Der Betreiber des Fitnesscenters landet als Erster in Untersuchungshaft. Bei den Befragungen beschuldigt er weitere Personen, die in seinem Studio mit Anabolika gehandelt haben sollen. Es sind Anton, Felix und Mario (alle Namen geändert). Sie werden an einem Morgen im November 2012 verhaftet. Anton kommt ins Untersuchungsgefängnis nach Baden. Die Staatsanwaltschaft wirft ihm gewerbsmässige Widerhandlung gegen das Heilmittelgesetz vor – also den Handel mit Anabolika.
Während Anton im Gefängnis sitzt, verurteilt das Bezirksgericht Bremgarten den Betreiber des Fitnesscenters wegen Anstiftung zur Brandstiftung und Widerhandlung gegen das Heilmittelgesetz. Mit diesem Schuldspruch stellt das Gericht implizit fest, dass auch Anton mit Anabolika gehandelt hatte, obwohl er das immer bestritt. Das kommt einer Vorverurteilung gleich. Das Bezirksgericht Bremgarten muss deshalb in den Ausstand treten und darf den Fall nicht verhandeln.
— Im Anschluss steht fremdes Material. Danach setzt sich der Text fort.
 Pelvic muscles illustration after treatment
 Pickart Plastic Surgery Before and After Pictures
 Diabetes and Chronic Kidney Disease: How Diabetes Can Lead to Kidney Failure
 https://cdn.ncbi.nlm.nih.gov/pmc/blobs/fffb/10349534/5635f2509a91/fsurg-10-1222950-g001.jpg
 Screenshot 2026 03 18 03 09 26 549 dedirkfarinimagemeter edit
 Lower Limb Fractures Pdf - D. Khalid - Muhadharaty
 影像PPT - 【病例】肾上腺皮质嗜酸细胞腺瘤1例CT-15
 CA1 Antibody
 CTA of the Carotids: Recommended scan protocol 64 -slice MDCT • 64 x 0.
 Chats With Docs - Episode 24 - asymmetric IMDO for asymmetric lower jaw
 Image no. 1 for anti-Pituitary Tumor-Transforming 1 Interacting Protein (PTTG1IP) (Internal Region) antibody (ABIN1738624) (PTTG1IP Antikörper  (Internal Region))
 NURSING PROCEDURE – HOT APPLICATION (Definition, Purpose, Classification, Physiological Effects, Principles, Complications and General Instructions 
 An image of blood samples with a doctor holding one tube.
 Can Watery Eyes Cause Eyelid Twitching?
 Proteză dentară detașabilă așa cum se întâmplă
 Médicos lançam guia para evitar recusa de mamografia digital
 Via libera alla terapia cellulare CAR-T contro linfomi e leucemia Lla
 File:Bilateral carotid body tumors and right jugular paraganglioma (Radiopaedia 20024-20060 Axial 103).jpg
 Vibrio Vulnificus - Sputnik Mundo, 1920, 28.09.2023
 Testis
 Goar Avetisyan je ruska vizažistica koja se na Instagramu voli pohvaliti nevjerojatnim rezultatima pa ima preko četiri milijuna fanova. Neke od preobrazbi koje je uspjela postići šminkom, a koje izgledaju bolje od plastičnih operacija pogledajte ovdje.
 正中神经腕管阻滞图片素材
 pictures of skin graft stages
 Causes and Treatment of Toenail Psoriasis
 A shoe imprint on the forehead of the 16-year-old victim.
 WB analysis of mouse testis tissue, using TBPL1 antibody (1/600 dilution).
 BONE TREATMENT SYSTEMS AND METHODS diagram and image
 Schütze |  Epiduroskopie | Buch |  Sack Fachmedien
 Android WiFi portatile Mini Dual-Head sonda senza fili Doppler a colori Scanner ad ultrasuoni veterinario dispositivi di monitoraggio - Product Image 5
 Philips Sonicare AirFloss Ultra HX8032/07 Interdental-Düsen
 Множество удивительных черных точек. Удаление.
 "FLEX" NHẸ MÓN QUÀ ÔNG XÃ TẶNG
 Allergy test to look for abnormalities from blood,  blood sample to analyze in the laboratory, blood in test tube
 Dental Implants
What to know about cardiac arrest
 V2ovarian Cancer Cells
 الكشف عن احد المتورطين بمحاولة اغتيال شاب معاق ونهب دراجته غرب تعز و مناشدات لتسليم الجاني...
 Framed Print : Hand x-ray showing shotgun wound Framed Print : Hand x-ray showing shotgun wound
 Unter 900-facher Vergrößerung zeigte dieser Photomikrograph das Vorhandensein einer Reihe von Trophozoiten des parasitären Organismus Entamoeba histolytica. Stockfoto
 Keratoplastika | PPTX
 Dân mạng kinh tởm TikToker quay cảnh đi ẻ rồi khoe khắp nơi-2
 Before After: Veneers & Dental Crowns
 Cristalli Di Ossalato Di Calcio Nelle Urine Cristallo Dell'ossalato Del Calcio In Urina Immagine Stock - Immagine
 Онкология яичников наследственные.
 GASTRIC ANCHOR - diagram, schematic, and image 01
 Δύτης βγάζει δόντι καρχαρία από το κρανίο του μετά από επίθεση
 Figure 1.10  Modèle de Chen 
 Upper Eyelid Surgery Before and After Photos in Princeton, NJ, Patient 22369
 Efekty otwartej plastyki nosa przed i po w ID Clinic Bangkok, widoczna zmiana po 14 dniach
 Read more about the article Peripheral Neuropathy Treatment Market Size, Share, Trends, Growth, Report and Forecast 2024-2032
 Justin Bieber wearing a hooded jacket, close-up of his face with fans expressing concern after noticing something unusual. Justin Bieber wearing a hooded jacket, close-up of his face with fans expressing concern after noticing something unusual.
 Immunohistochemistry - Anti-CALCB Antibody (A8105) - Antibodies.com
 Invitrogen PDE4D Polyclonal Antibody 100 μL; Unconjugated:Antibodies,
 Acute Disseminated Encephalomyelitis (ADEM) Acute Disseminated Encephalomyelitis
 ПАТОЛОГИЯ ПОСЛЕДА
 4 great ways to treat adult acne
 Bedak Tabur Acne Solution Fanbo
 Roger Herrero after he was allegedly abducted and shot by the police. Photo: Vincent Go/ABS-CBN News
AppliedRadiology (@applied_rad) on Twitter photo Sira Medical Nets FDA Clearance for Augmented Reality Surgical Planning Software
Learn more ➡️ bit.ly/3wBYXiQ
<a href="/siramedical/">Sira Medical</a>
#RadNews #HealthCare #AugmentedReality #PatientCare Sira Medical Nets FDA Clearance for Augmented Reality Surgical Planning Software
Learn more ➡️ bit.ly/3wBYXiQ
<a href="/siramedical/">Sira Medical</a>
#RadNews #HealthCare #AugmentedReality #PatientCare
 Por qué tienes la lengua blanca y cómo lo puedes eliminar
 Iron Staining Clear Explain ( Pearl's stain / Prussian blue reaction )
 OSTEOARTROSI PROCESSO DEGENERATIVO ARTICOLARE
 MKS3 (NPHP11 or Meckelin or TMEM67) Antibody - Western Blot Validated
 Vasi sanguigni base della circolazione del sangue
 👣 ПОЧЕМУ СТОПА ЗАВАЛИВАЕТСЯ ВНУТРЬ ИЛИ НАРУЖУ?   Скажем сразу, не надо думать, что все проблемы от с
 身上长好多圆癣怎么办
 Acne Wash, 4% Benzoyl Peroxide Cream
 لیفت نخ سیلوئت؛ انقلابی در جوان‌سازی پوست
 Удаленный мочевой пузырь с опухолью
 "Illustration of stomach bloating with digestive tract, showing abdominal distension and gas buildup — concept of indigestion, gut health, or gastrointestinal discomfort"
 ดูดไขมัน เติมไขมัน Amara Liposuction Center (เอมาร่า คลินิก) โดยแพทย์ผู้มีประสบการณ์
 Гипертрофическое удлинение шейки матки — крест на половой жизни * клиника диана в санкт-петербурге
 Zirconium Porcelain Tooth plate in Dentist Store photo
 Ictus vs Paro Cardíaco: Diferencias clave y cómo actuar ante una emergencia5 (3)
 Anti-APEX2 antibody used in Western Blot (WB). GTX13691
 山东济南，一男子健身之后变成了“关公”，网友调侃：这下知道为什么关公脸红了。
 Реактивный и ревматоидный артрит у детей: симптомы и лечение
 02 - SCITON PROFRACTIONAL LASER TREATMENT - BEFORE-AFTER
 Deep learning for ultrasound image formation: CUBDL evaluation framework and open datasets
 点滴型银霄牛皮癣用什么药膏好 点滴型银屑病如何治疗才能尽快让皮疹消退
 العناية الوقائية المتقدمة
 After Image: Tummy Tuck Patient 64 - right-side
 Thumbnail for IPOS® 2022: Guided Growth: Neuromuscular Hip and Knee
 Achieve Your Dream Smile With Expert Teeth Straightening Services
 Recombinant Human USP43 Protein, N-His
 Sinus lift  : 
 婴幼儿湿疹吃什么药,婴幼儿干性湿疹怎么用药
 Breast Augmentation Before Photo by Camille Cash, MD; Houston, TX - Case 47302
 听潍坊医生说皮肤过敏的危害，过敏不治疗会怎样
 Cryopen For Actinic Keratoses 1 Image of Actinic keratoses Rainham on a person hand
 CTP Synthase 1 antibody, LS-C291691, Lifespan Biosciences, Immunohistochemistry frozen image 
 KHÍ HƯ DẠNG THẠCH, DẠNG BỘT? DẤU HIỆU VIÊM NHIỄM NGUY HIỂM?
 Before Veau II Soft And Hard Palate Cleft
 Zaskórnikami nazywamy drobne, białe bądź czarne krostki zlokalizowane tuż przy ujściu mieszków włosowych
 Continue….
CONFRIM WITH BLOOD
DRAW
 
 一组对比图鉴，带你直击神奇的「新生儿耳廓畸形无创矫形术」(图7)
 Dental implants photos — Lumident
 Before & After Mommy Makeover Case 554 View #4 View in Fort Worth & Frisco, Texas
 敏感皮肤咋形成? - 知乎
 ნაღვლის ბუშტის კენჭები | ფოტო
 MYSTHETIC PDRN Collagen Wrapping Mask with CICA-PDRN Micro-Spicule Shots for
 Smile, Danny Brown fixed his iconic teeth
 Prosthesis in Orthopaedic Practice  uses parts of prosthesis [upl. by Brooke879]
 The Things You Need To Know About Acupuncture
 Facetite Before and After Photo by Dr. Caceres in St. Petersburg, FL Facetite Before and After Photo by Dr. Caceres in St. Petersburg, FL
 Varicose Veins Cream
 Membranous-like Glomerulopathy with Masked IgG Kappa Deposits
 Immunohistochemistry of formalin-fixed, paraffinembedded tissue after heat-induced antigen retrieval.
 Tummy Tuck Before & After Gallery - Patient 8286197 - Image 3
Antons Verfahren verzögert sich, seine Haft verlängert sich.
Als klar ist, dass sich das Bezirksgericht Brugg mit seinem Fall befassen würde, stellt sein Anwalt ein Haftentlassungsgesuch. Am 22. Dezember 2014 – nach mehr als zwei Jahren im Gefängnis, ohne einen Richter gesehen zu haben – kommt Anton frei. Im Februar 2015 muss er sich vor Gericht verantworten. Laut Anklageschrift hat er mehreren Abnehmern Anabolika verkauft und so einen Umsatz und Gewinn in Millionenhöhe erzielt. Einer seiner damaligen Abnehmer war Felix. Er soll bei Anton Hormon- und Potenzmedikamente für 500'000 Franken bezogen haben. Felix war es auch, der Anton mit seinen Aussagen schwer belastet hatte.
Kurz nachdem Anton aus dem Gefängnis entlassen wurde, leiht er sich das Handy eines Anabolika-Händlers und telefoniert mit einem Produzenten. Die Staatsanwaltschaft hört mit, weil sie die Handys der beiden überwacht. Dieses Telefonat könnte Anton vor Gericht zum Verhängnis werden. Für die Staatsanwaltschaft beweist es nämlich, dass Felix erpresst wird und Anton etwas damit zu tun hat.
Am Telefon mit dem Anabolika-Produzenten spricht Anton davon, dass man sich Sorgen machen müsse. Felix habe wirklich alles erzählt, was er gewusst habe. Aber er «scheisse jetzt nur noch in die Hosen», sei «auf den Knien» gewesen und habe «um Gnade gewinselt». Es sei aber alles am Laufen. Felix habe drei Optionen: «Den Schaden zu bezahlen, auf den Mond zu fliegen oder sich eine Kugel zu geben.»
Einen Tag nach diesem Telefonat beantragt die Staatsanwaltschaft auch die Überwachung von Antons Handy. Das Zwangsmassnahmengericht heisst die Überwachung gut. Anton wehrt sich dagegen bis vor Bundesgericht. Er beantragt, alle durch die Überwachung gewonnenen Erkenntnisse als unverwertbar zu qualifizieren. Das Bundesgericht weist seine Beschwerde ab. Die Schwere der mutmasslichen Straftat rechtfertige die Überwachung, heisst es im Urteil der höchsten Richter. Die mutmassliche Nötigung und Erpressung von Felix ist Gegenstand mehrerer laufender Verfahren. Kommende Woche muss sich Anton deswegen vor dem Bezirksgericht Bremgarten verantworten.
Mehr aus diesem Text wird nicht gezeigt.